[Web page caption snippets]
-------
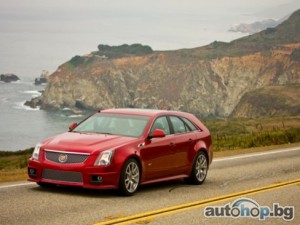 Автосалон Женева 2011: Европейска премиера за Cadillac CTS-V Sport Wagon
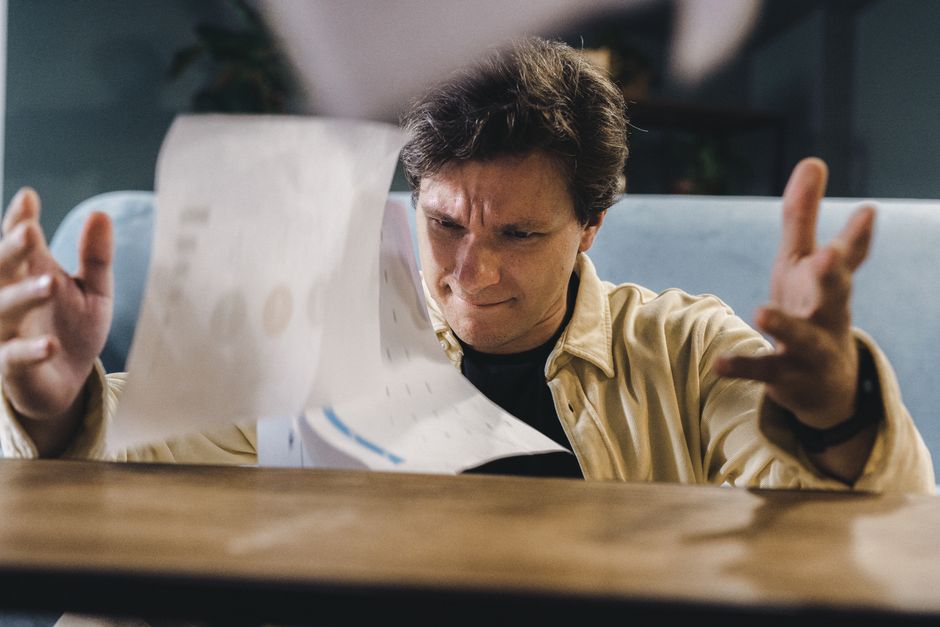 complaint contract paperwork frustrated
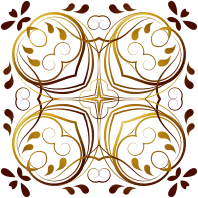 Flourishy Floral Design 6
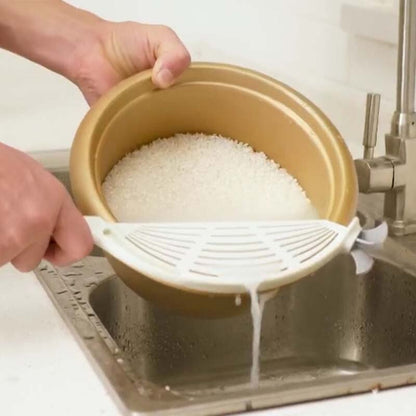 Easy Rice Washing Drain Spoon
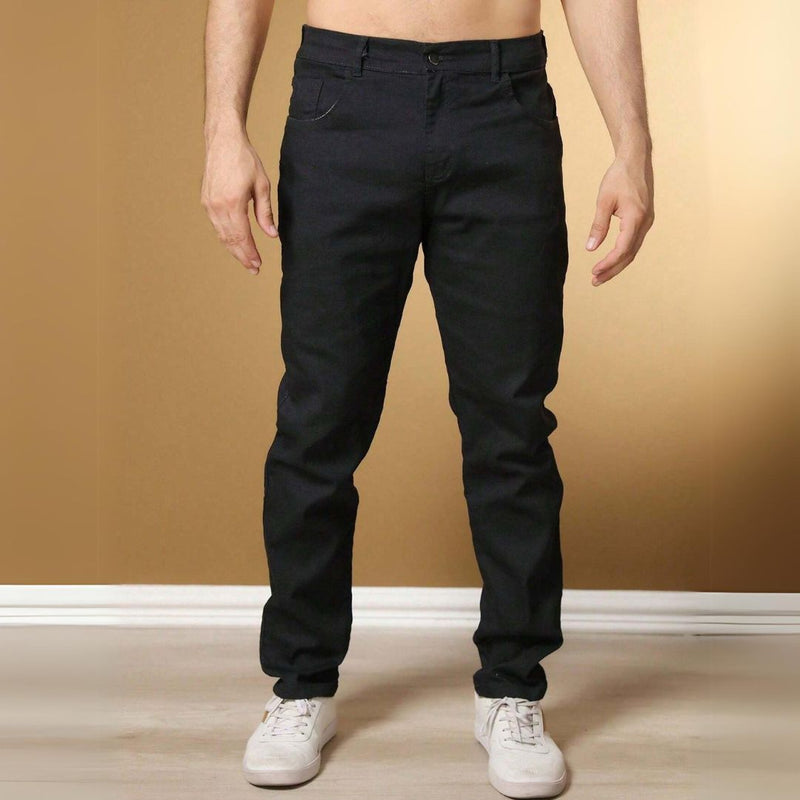 Calça Jeans Masculina Skinny Com Lycra Elastano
-------
• The task
Word-for-word output of every record is needed, with images omitted.

• Answer to the exercise
 Автосалон Женева 2011: Европейска премиера за Cadillac CTS-V Sport Wagon
 complaint contract paperwork frustrated
 Flourishy Floral Design 6
 Easy Rice Washing Drain Spoon
 Calça Jeans Masculina Skinny Com Lycra Elastano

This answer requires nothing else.